Steve Scifres

No. 72, 77, 68, 76, 52
- Position: Guard

Personal information
- Born: January 22, 1972 (age 53) Colorado Springs, Colorado, U.S.
- Height: 6 ft 4 in (1.93 m)
- Weight: 300 lb (136 kg)

Career information
- High school: Mitchell (Colorado Springs)
- College: Wyoming
- NFL draft: 1997: 3rd round, 83rd overall pick

Career history
- Dallas Cowboys (1997); Carolina Panthers (1998); Miami Dolphins (1998); New Orleans Saints (1999); → Frankfurt Galaxy (1999); St. Louis Rams (2000)*; → Scottish Claymores (2000); Dallas Cowboys (2000)*; San Francisco Demons (2001); Arizona Rattlers (2001); Indiana Firebirds (2002); Buffalo Destroyers (2003); Las Vegas Gladiators (2004); New York Dragons (2005–2006);
- * Offseason and/or practice squad member only

Awards and highlights
- First-team All-American (1996); 2× All-WAC (1995, 1996); Second-team All-WAC (1994); WAC "Freshman of the Year" (1993);

Career NFL statistics
- Games played: 7
- Stats at Pro Football Reference

Career Arena League statistics
- Tackles: 9
- Passes defended: 1
- Fumble recoveries: 1
- Stats at ArenaFan.com

= Steve Scifres =

American football player (born 1972)

Steven William Scifres (born January 22, 1972) is an American former professional football player who was an offensive lineman in the National Football League (NFL) for the Dallas Cowboys, Carolina Panthers, Miami Dolphins and New Orleans Saints. He played college football at the University of Wyoming.

==Early life==
Scifres attended Mitchell High School and the Air Force Academy Prep School. In 1989, he was named the area's "Player of the Year" as a two-way tackle. He also practiced wrestling.

From 1990 to 1991, he studied at the United States Air Force Academy Preparatory School. He accepted a football scholarship from the University of Wyoming, where he became one of the greatest offensive linemen in school history. Playing in high scoring passing offenses, he only allowed four sacks (2 as a freshman) during his college career.

As a redshirt freshman, he started 12 games at left guard on a team that had an 8-4 record and won the WAC title, while receiving "Freshman of the Year" honors.

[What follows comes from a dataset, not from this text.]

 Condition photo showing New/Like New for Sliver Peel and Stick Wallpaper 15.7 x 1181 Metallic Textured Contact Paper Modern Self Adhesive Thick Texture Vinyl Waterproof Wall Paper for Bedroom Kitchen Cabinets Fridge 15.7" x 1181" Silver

The next year he was switched to right tackle, where he would remain in the following years.

He started every game of his college career (47), was voted two times to the first team All-WAC team, was a semifinalist for the Outland Trophy and a second-team All-American in 1996. He was inducted into the Wyoming Athletics Hall of Fame in 2008.

==Professional career==

===Dallas Cowboys (first stint)===
Scifres was selected in the third round (83rd overall) of the 1997 NFL draft by the Dallas Cowboys. At 25 years old, he was expected to be more polished than most rookies, but he struggled in pass protection. His progress was also slowed in training camp, by the fact that he was being used at all three offensive line positions. He was released on September 1, 1998.

===Carolina Panthers===
On October, 2, 1998, he signed with the Carolina Panthers. On November 5, he was waived to make room for linebacker Ernest Jones.

===Miami Dolphins===
On November, 25, 1998, he signed with the Miami Dolphins. He was released on December 15.

===New Orleans Saints===
On February 24, 1999, he signed with the New Orleans Saints, and was assigned to the Frankfurt Galaxy of the NFL Europe, where as a starter he was part of the league's championship team. He was cut by the Saints on September 5. He was added to the practice squad on November 11. He was released on November 23.

===St. Louis Rams===
On April 18, 2000, he was signed as a free agent by the St. Louis Rams. He was assigned to the Scottish Claymores of the NFL Europe, as an injury replacement with five games remaining in the season. He became a starter and helped the team reach the 2000 World Bowl. He was released by the Rams on May 4.

===Dallas Cowboys (second stint)===
On August 1, 2000, he signed with the Dallas Cowboys, but was released before the season started on August 21.

===San Francisco Demons===
In 2001, he signed with the San Francisco Demons of the XFL. He was a starter until the league folded at the end of its debut season.

===Arena Football League===
From 2001 to 2005, he played for five different AFL teams, that included the Arizona Rattlers, Indiana Firebirds, Buffalo Destroyers, Las Vegas Gladiators and New York Dragons.